# killing trapped fox



## varminthunter (Dec 19, 2005)

whats the best way to dispatch a trapped fox? i plan on a .22 to the head. is that a good place to shoot them? thanks


----------



## Hondaxr (Jan 25, 2004)

That is how I dispatched my only fox. It is quite effective but is somewhat messy. If I had a better catch (only had her by 2 toes) I would have knocked it out with my trowel with a sharp blow to it's snout, then stepped on it's lungs with my heel. Either will work, just make sure you are comfortable and safe. 

Dan


----------



## snaggs (Jul 20, 2005)

A Stick of......DYNAMITE......would work for sure.....it just depends on what kind of thrill you're looking for..........:xzicon_sm


----------



## wild bill (Apr 20, 2001)

for my fox i have been giving them a 22 short in the lungs and the yotes get a 22 long through the lungs. so far they have not bled much and the remake was easy.


----------



## daddyduck (Nov 2, 2001)

When i used to trap,i always gave them a thump on the noggin with a short club.


----------



## uptracker (Jul 27, 2004)

wild bill said:


> for my fox i have been giving them a 22 short in the lungs and the yotes get a 22 long through the lungs. so far they have not bled much and the remake was easy.

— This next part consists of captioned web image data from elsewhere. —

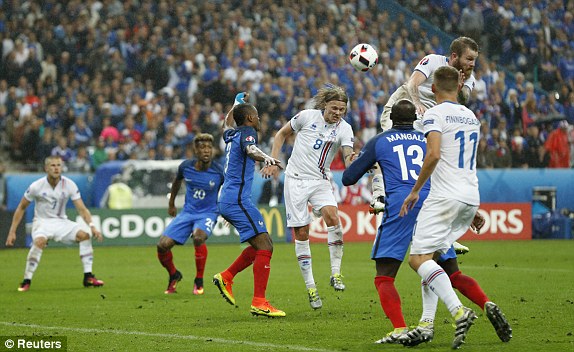 VIDEO: Iceland rút ngắn tỷ số xuống 2-5 ở phút 84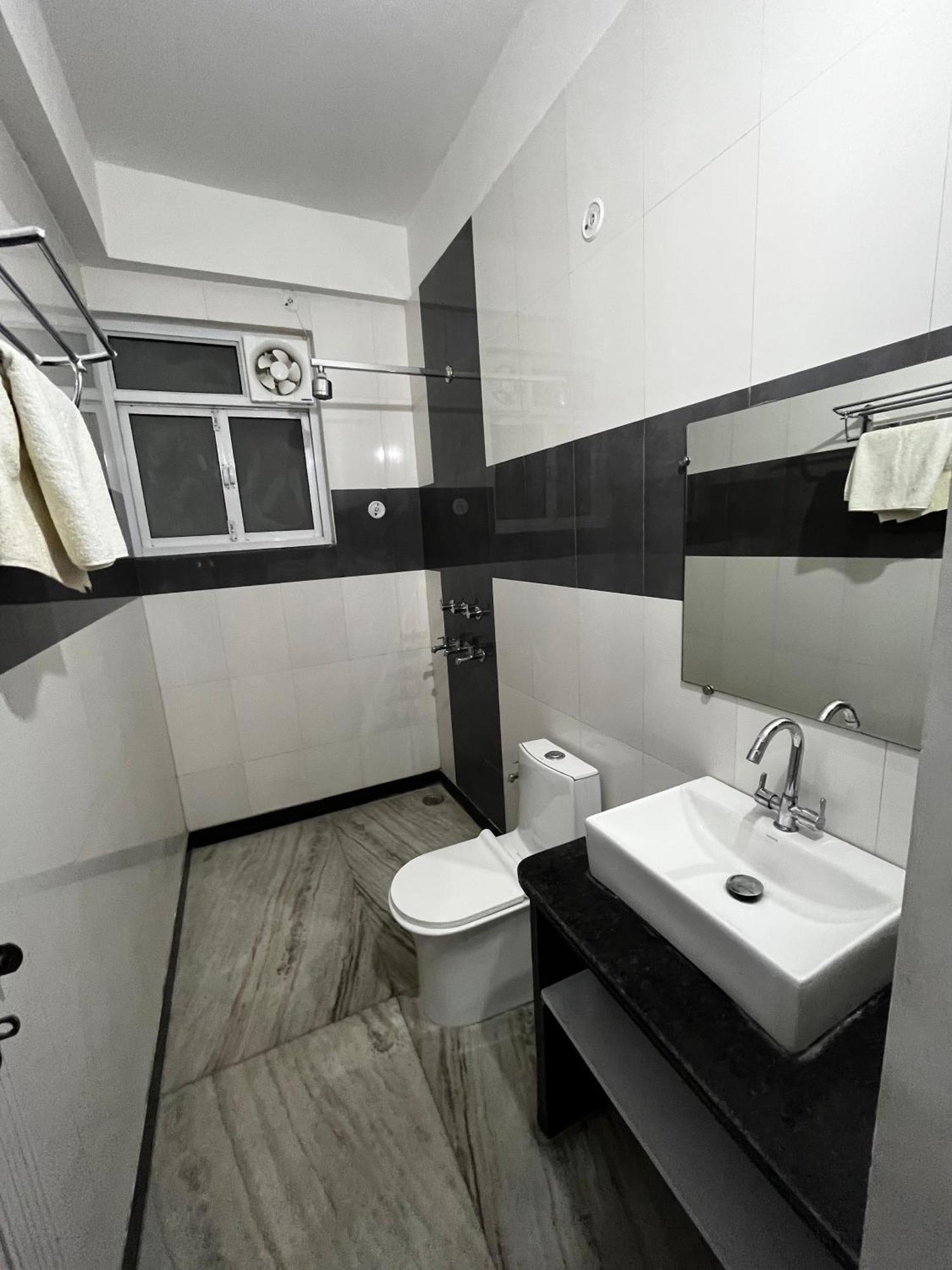 Metro Connected Homestay With Parkview Greater Noida Exterior photo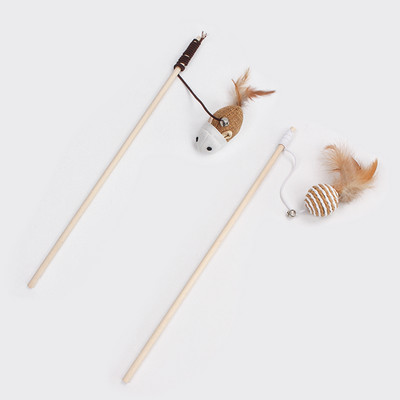 Igračka štap s perjem i metalnim elementima za mačke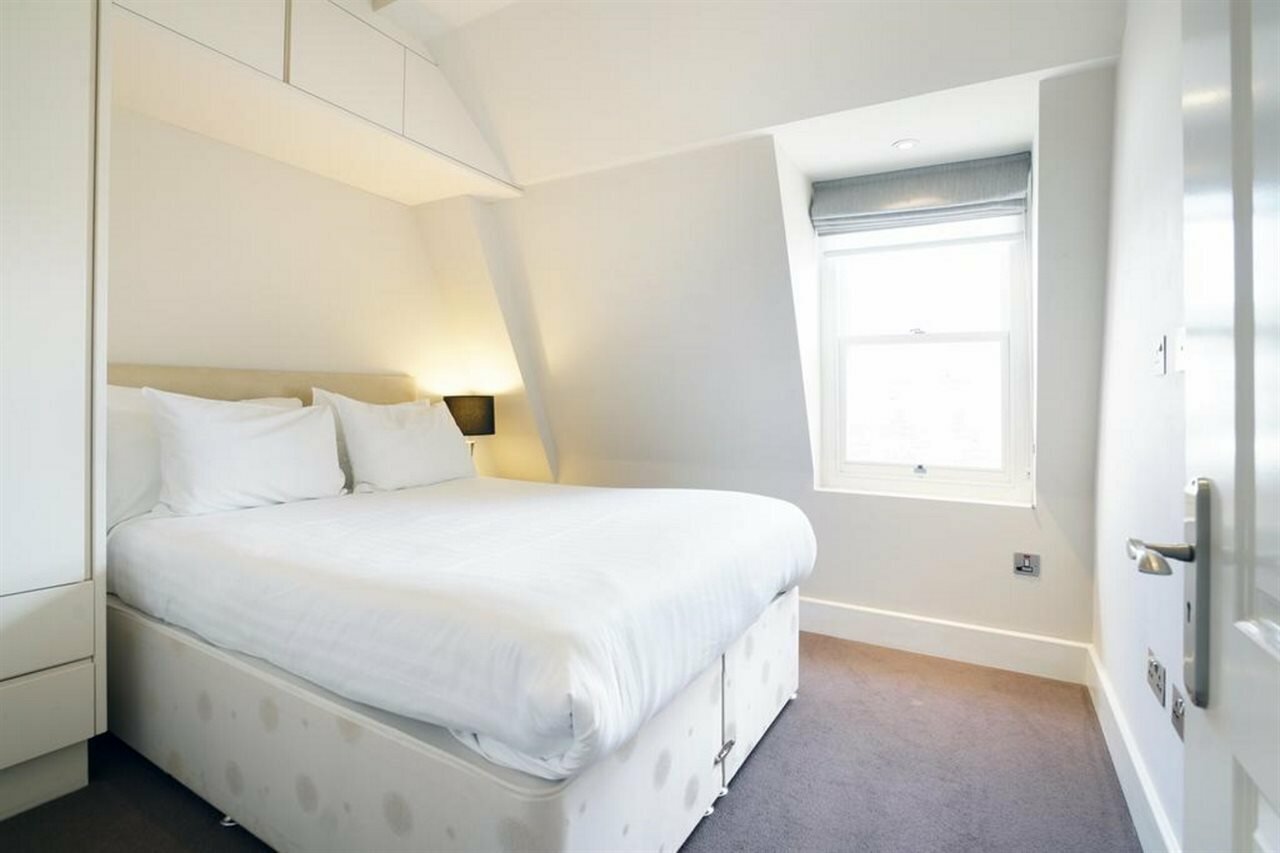 Фото Chilworth Court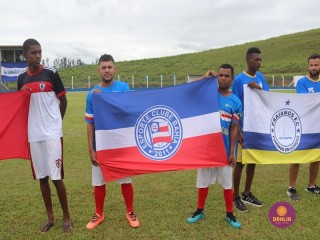 
<a style='margin-left: 5px;' class='btn btn-xs btn-social btn-facebook' href='https://www.facebook.com/sharer/sharer.php?u=https://www.boladovale.com.br/imgs/800-800-90/conteudo/fotos/1535/img7636.jpg' rel='popup' data-width='500' data-height='400'><i class='fa fa-facebook'></i>Compartilhar <span class='hidden-xs'>no Facebook</span>
</a> 
<a class='btn btn-default btn-xs' target='_blank' href='imgs/800-800-90/conteudo/fotos/1535/img7636.jpg'>
<span class='glyphicon glyphicon-cloud-download'></span> Salvar
</a> 
<span></span>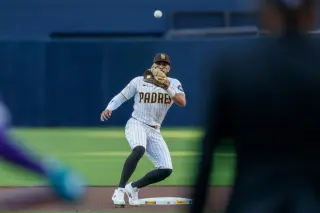 Tatis Debuts at 2B as Padres Shuffle Lineup in NL West Update
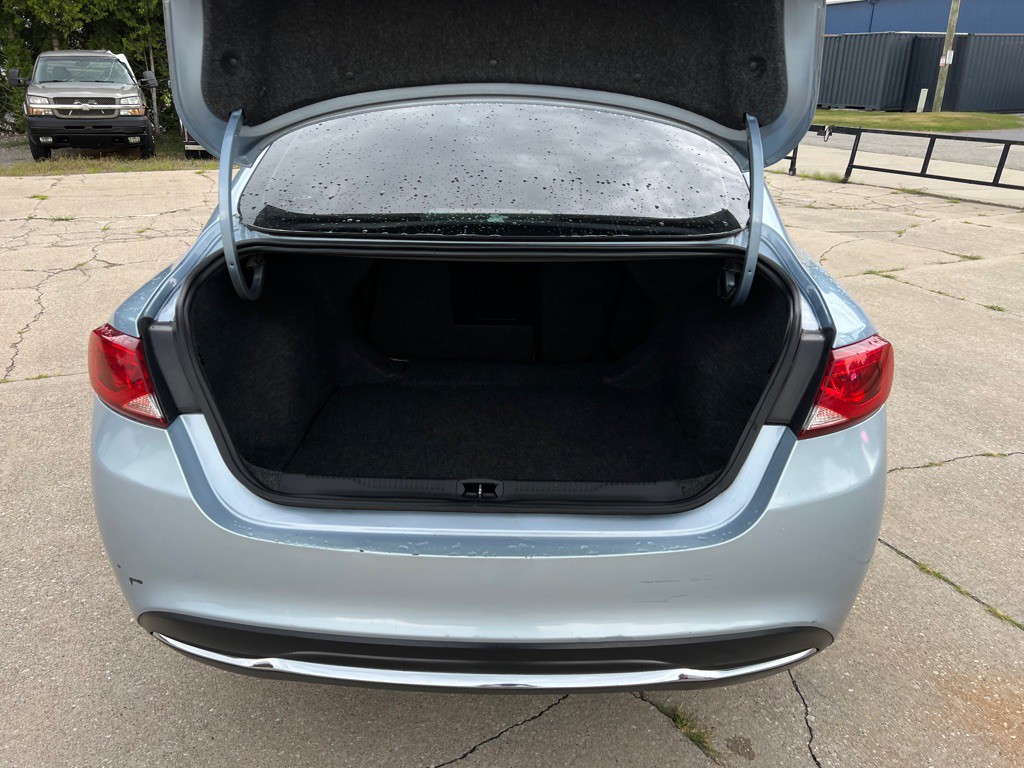 2015 Chrysler 200 Image 28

Same here. Head shots bleed more.


----------



## PsEbUcKmAsTeR17 (Oct 5, 2005)

For both foxes my father and I caught we clubed them in the head and then stepped on there chest to collaps their lungs. This works well and there is no blood and no holes in the hide. Either will work. It just depends on your preference and what you are more comfortable doing. Good luck.


-Psebuckmaster17-


----------



## THETOOLMAN (Oct 23, 2003)

This is just me.
I don't want blood all over my good set so I tap the fox on the head with an old tire iron that puts his lights out quick & dont messthe fur up.+ no blood..
Then stand on its chest to squeeze the air out of its lungs untill dead-- about a min. or 2 thats all. Dan


----------



## varminthunter (Dec 19, 2005)

has anyone ever had them come back to life after not steping on them or hitting them hard enough? that would suck if my catch got away!
:lol:


----------



## Joe R. (Jan 9, 2002)

Always check for an eye reflex when ever you want to make sure a critter is done. Take a weed stem and touch it to the eye. If they blink or twitch they ain't dead yet. No reflex and you are good to go.

Joe


----------



## varminthunter (Dec 19, 2005)

wow thats awsome thanks joe! just poke em in the ole eye!:lol:


----------



## THETOOLMAN (Oct 23, 2003)

varminthunter said:


> has anyone ever had them come back to life after not steping on them or hitting them hard enough? that would suck if my catch got away!
> :lol:


yes, I had a red fox in the back of ny jeep. it raised its head & wad lookikng around! gave me quite a start 
Tire iron on the hoggin = put the lights out fer good :lol:


----------



## bishs (Aug 30, 2000)

For fox, just tap them on the bridge of the nose with your digging tool, Then place one foot on their neck, and put all your weight on the second foot, just behind the shoulder. Humane, no blood.


----------



## TrapperJohn (Jan 14, 2001)

Stay away from head shots...too much blood at your trap site.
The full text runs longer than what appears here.